The Meaning of Christmas and the 50¢ Gift
I grew up poor. Not dirt poor, mind you: our bills were paid and we were always clean and fed. In fact, my sister and I both played in the orchestra, took dance lessons, and were involved in school clubs and sports. Those, however, were the only real extravagences in our family. Our clothes were clean and well kept, but were either second hand or bought at a discount store. Our food was healthy and filling but was homemade from generic brands. The television had two network stations and our cars were always old.
But Christmas… Christmas was always an absolute joy and wonder. We strung popcorn and cranberries for the tree and hung a hodge-podge of ornaments: our own handmade creations intermingled with discount baubles and my great-grandfather’s antique oraments from Germany. On top would be one of the tree-toppers my mother collected.
I remember when my sister and I were three and five, sneaking into the front hallway and seeing the footprints Santa left behind in magical, non-melting snow. The next year my sister and I each received a set of doll furniture: my mother made wooden chairs, couches, and beds and tiny foam cushions. Mine were uphosltered in green, my sister’s red. It wasn’t Barbie™furniture, but we didn’t have actual Barbie™dolls either.
There were many other such gifts, the kind lovingly made in the spirit of what my family calls ‘a heartfelt Christmas’. The homemade comforter sets for our twin beds, the huge personalized stockings that were large enough for us to stand in, the baby-doll hand puppets with blankets (light hair and blue eyes for mine, brown hair and eyes on my sister’s). I still have all three of those gifts.
As I grew up I became more and more aware of the schism between my family and those of the children around me. On one level this made me extremely uncomfortable, that classic teenage angst about not being like everyone else. At the same time, though, I couldn’t help but notice that no one else had ever received gifts like I had. They had the latest toy (sometimes more than one of them), but none of them had been immortalized in a hand puppet, the only one like it in the world.

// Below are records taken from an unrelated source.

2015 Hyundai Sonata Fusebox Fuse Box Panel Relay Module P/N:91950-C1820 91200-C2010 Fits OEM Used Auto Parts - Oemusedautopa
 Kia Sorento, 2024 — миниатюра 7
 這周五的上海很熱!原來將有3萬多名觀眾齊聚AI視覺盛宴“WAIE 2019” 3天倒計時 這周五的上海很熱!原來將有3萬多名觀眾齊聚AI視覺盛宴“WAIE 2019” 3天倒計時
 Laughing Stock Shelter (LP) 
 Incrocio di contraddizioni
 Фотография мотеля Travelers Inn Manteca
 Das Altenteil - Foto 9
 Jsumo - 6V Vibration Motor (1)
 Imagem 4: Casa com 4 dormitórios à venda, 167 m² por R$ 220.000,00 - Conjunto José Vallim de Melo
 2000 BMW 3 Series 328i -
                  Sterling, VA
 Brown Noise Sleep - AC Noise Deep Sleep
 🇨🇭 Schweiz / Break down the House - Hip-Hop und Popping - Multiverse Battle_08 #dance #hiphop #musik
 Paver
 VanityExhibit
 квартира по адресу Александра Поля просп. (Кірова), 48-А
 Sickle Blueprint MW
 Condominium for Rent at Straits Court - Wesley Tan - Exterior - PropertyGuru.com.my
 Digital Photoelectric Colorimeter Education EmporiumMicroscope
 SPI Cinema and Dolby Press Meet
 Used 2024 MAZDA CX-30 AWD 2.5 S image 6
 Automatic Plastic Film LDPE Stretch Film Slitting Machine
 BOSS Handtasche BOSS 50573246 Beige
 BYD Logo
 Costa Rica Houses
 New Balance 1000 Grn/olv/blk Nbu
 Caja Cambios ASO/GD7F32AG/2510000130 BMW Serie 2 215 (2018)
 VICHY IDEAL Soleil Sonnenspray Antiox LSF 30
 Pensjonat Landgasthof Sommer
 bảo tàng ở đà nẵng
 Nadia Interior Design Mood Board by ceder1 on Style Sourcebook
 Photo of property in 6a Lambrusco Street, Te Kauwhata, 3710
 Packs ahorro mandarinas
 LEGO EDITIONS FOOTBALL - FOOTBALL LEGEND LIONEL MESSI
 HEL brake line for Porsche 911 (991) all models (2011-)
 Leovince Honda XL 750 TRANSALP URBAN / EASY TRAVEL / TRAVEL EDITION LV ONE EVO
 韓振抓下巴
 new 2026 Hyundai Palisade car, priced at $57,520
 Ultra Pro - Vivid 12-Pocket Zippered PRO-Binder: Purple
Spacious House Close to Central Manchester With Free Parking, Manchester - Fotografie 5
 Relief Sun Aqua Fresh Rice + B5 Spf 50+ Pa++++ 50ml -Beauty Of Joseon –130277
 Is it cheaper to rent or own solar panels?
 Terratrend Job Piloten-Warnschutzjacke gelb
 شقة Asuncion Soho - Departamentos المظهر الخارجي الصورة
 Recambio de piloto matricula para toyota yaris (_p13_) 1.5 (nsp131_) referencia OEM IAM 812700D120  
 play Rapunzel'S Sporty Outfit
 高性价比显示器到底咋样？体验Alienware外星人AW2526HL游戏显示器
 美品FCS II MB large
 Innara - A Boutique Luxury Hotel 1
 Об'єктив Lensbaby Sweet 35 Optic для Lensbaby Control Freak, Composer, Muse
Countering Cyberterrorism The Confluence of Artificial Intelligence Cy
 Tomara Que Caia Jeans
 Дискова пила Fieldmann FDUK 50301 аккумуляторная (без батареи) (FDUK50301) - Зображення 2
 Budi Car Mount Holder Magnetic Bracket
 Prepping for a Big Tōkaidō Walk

It was during these teen years, trying to reconcile the need to fit in with the disdain I had for those same children, that I started truly buying gifts. Before then, it was always my mother having us pick out something for her and my father at the store and adding it to the cart with everything else. Now, though, my sister and I were each given $25 to buy our gifts for friends, teachers, each other, and our parents.
One such holiday season, my sister and I were in Goodwill. My mother was at work at the art store down the street and we were keeping ourselves busy until it was time to go home. Unlike most teens we actually browsed through the housewares area: we both have collections of antique dishes that were started by our grandmother with her yard sale finds. Mine is the Fireking ‘golden shell’ pattern.
While checking for our dishes, we found a dusty box on a shelf marked 50¢. Out of curiosity we opened it and inside we found a glass tree-topper, an oblong silver ornament with blue accents. Underneath the cotton batting was the original sales receipt, dated December 1959, for $3.95. This tree topper had been bought by someone just in time for what had been my mother’s first Christmas.
It was the most perfect gift we had ever seen.
My mother cried when she opened it and found the receipt. She beamed when we told her how much we paid for it (as the story was too good to not share). And she almost knocked down the tree when she tried to put it on top of the already decorated tree.
Now that I am older and living the original American dream of a life that is more stable and secure than that of my parents, I try to keep in mind the things that have always made Christmas magical for my family. A hand-made puppet that looked at me with my own eyes, baking and cooking for the Christmas Eve feast with my extended family, and a 50¢ gift that made my mother cry with joy.
For me, that is the meaning of Christmas.